Ordinarily, I would call for the resignation of a governor who let the state go to voicemail and snuck off to Argentina to dally with his mistress. But at least he's more of an adult than our lt. governor, Andre Bauer.

On the other hand, if Sanford resigned, maybe the media would lose interest in him and focus on Cap and Tax, Iran, North Korea and the debt that's going to make us a third-world country.



June 24, 2009

What to do When Your Governor Goes Missing

I stole this from a friend:

SOUTH CAROLINA: Too small to be its own nation, Too large to be an insane asylum. Please remember that politics in SOUTH CAROLINA are for entertainment purposes only!!!

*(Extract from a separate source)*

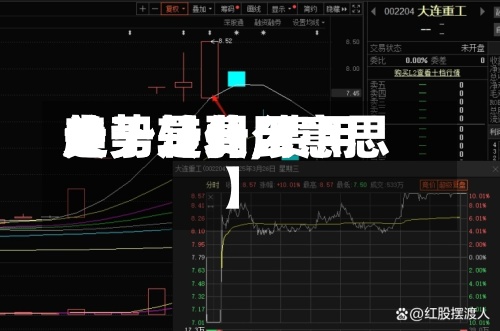 关于【费用
走势转弱,费用
趋势是什么意思】-第2张图片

Y'all enjoy. I'm personally embarrassed by the craziness and feel sorry for Jenny Sanford and their four boys.

No doubt I'll know more about Governor Sanford's affair than I want to know eventually, but I do wonder how you sneak off to Argentina to "carry on" as my mother might say.

At least we don't have to worry about him running for president.

June 22, 2009

I Would Rather be Hot than Cold

I just got back from Pony Club camp in Tryon, N.C. It's the kind of camp where you don't drop off your kids and their ponies/horses and head off for some fun, and parents do the work. I'm a parent. This is bad news.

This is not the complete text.